Yüksek kutuplaşma ortamında, böyle bir hükümete girerseniz, muhalefetin sahip olduğu az da olsa zedelenmiş güven ve itibarı bile çökertirsiniz. Muhalefet seçmenlerinin bile muhalefete olan güveninin yüksek olmadığını, çünkü kötü hamleler, verimsizlik ve parçalanma gördüklerini daha önce de biliyorduk… Öğrenci protestosu ve isyanı başladığından beri, bu güven daha da azaldı çünkü seçmenlerin takip edecekleri başka bir güç var: Öğrenci Hareketi. Muhalefet teknik ya da geçiş hükümeti önerisiyle Vučić ile bir tür diyaloga girerse, niyeti ne kadar iyi olursa olsun, halk bunu iktidarla bir anlaşma olarak algılayacaktır ve bence muhalefete olan güven sıfıra inecek ve mevcut durumu daha da zorlaştıracaktır.
Sırbistan’daki muhalefetin Kuzey Makedonya’daki duruma ilk kez değinmediğini hatırlatalım.

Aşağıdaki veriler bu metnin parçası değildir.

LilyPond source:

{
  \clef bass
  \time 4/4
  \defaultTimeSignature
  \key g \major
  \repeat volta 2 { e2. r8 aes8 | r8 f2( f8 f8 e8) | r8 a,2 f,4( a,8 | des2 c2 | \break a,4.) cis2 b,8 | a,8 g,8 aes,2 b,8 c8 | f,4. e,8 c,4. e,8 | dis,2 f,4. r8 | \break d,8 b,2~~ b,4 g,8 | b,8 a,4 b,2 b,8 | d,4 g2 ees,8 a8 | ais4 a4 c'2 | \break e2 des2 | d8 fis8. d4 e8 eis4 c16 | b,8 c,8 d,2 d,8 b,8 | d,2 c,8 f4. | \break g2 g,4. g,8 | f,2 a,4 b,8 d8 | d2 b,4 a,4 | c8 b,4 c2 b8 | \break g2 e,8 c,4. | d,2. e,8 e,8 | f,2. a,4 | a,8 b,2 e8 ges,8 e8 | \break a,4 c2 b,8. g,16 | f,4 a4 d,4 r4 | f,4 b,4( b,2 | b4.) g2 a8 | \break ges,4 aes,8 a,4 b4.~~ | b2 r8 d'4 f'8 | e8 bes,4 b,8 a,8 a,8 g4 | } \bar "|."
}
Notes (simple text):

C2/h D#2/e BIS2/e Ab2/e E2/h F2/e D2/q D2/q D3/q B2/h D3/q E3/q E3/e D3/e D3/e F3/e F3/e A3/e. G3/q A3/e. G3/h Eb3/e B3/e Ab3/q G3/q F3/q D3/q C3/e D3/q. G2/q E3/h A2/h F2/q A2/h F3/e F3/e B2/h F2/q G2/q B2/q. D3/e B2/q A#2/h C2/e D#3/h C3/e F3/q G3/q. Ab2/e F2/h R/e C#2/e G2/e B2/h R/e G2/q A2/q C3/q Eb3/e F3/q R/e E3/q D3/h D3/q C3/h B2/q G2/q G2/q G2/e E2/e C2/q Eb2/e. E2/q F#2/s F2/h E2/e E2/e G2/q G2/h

SSP lideri ve dönemin Sırbistan İttifakı liderlerinden Dragan Đilas, 2019 yılında Makedon haber ajansı MIA’ya verdiği röportajda, Savez za Srbiju yani Sırbistan için İttifak Hareketi SZS’nin, Makedonya makamları ile muhalefet arasında 2015 yılında imzalanan Pržinsk Anlaşması’na benzer şekilde Sırbistan makamlarıyla bir anlaşmaya ihtiyaç duyduğunu söylemişti. 2020’de ise yapılacak seçimleri boykot edeceğini duyurmuştu.